::: Data provided
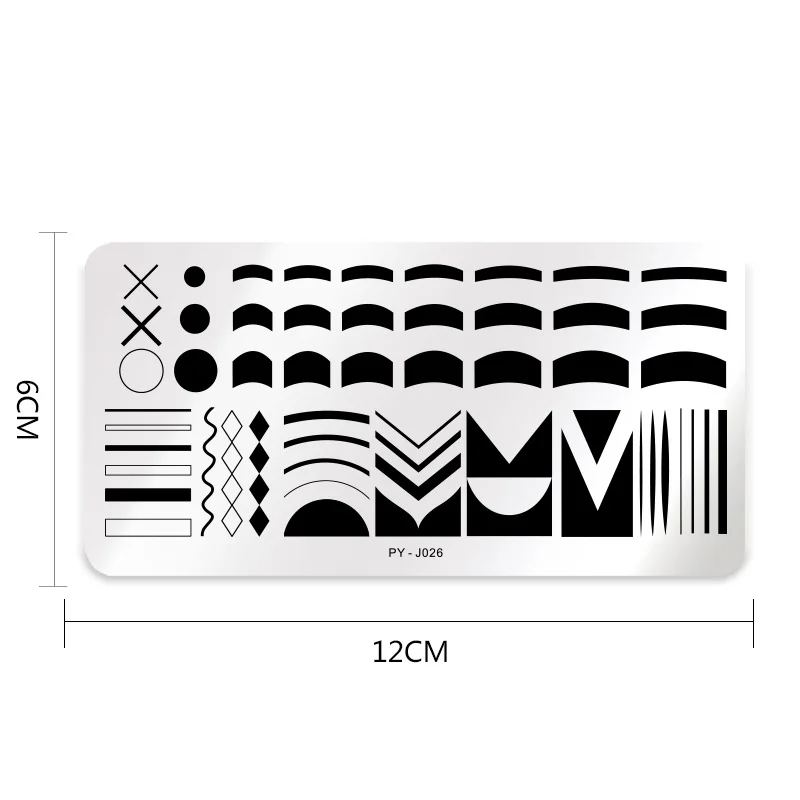 

PICT YOU French Nails Stamping Plates Striped Line Geometric Square Stamping Plate Stencil Accessories Tools With Stamp Template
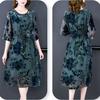 High-end Women's Velvet Dress Long Silk Dress Loose Floral A-Line Dress Spring Autumn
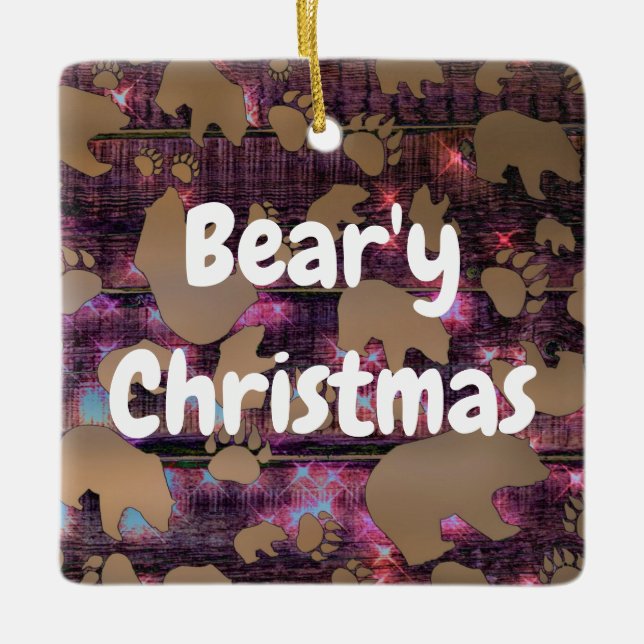 Bear Pattern Ceramic Ornament (Front)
::::::
**Assignment**
Take the listing above and print it exactly, apart from the pictures.

**Response for this exercise**
PICT YOU French Nails Stamping Plates Striped Line Geometric Square Stamping Plate Stencil Accessories Tools With Stamp Template
 High-end Women's Velvet Dress Long Silk Dress Loose Floral A-Line Dress Spring Autumn
 Bear Pattern Ceramic Ornament (Front)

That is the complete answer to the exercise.